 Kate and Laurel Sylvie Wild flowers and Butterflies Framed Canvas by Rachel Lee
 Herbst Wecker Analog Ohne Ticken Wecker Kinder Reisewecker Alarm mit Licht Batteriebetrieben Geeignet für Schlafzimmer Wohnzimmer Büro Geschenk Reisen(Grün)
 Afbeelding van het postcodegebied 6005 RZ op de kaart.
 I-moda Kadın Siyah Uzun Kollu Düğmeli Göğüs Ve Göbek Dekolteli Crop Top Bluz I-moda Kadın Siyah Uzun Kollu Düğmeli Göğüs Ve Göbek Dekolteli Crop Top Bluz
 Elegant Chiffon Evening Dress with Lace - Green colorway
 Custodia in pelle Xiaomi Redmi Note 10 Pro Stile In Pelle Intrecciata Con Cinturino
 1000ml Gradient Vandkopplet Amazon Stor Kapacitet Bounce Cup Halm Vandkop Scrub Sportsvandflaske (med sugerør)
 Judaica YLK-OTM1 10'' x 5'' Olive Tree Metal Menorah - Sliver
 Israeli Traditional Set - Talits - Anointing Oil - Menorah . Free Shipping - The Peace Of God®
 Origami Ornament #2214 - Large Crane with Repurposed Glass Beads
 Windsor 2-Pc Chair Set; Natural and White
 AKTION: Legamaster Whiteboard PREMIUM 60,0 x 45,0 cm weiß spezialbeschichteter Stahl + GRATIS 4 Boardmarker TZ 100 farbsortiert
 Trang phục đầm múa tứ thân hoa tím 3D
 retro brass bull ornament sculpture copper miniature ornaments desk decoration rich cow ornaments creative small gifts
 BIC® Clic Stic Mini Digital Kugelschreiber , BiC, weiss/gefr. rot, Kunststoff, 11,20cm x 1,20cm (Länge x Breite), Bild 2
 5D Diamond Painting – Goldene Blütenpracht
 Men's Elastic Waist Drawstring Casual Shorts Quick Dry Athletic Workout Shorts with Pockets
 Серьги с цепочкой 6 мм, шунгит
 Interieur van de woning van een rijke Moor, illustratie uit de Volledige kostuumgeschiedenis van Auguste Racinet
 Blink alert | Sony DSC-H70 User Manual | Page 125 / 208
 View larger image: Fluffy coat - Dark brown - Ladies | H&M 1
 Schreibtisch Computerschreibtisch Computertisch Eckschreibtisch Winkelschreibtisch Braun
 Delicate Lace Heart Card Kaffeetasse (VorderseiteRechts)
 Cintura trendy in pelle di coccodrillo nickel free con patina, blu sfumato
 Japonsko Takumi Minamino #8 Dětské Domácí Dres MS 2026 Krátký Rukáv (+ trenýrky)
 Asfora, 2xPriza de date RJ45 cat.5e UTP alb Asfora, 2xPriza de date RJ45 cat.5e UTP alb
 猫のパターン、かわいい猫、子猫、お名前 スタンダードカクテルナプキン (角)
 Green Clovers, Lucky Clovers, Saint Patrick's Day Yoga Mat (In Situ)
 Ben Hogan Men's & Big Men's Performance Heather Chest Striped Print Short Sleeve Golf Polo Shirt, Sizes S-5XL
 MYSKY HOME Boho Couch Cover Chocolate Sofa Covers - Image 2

* **Task prompt**
An exact copy of every line above is needed.

* **Reply**
 Kate and Laurel Sylvie Wild flowers and Butterflies Framed Canvas by Rachel Lee
 Herbst Wecker Analog Ohne Ticken Wecker Kinder Reisewecker Alarm mit Licht Batteriebetrieben Geeignet für Schlafzimmer Wohnzimmer Büro Geschenk Reisen(Grün)
 Afbeelding van het postcodegebied 6005 RZ op de kaart.
 I-moda Kadın Siyah Uzun Kollu Düğmeli Göğüs Ve Göbek Dekolteli Crop Top Bluz I-moda Kadın Siyah Uzun Kollu Düğmeli Göğüs Ve Göbek Dekolteli Crop Top Bluz
 Elegant Chiffon Evening Dress with Lace - Green colorway
 Custodia in pelle Xiaomi Redmi Note 10 Pro Stile In Pelle Intrecciata Con Cinturino
 1000ml Gradient Vandkopplet Amazon Stor Kapacitet Bounce Cup Halm Vandkop Scrub Sportsvandflaske (med sugerør)
 Judaica YLK-OTM1 10'' x 5'' Olive Tree Metal Menorah - Sliver
 Israeli Traditional Set - Talits - Anointing Oil - Menorah . Free Shipping - The Peace Of God®
 Origami Ornament #2214 - Large Crane with Repurposed Glass Beads
 Windsor 2-Pc Chair Set; Natural and White
 AKTION: Legamaster Whiteboard PREMIUM 60,0 x 45,0 cm weiß spezialbeschichteter Stahl + GRATIS 4 Boardmarker TZ 100 farbsortiert
 Trang phục đầm múa tứ thân hoa tím 3D
 retro brass bull ornament sculpture copper miniature ornaments desk decoration rich cow ornaments creative small gifts
 BIC® Clic Stic Mini Digital Kugelschreiber , BiC, weiss/gefr. rot, Kunststoff, 11,20cm x 1,20cm (Länge x Breite), Bild 2
 5D Diamond Painting – Goldene Blütenpracht
 Men's Elastic Waist Drawstring Casual Shorts Quick Dry Athletic Workout Shorts with Pockets
 Серьги с цепочкой 6 мм, шунгит
 Interieur van de woning van een rijke Moor, illustratie uit de Volledige kostuumgeschiedenis van Auguste Racinet
 Blink alert | Sony DSC-H70 User Manual | Page 125 / 208
 View larger image: Fluffy coat - Dark brown - Ladies | H&M 1
 Schreibtisch Computerschreibtisch Computertisch Eckschreibtisch Winkelschreibtisch Braun
 Delicate Lace Heart Card Kaffeetasse (VorderseiteRechts)
 Cintura trendy in pelle di coccodrillo nickel free con patina, blu sfumato
 Japonsko Takumi Minamino #8 Dětské Domácí Dres MS 2026 Krátký Rukáv (+ trenýrky)
 Asfora, 2xPriza de date RJ45 cat.5e UTP alb Asfora, 2xPriza de date RJ45 cat.5e UTP alb
 猫のパターン、かわいい猫、子猫、お名前 スタンダードカクテルナプキン (角)
 Green Clovers, Lucky Clovers, Saint Patrick's Day Yoga Mat (In Situ)
 Ben Hogan Men's & Big Men's Performance Heather Chest Striped Print Short Sleeve Golf Polo Shirt, Sizes S-5XL
 MYSKY HOME Boho Couch Cover Chocolate Sofa Covers - Image 2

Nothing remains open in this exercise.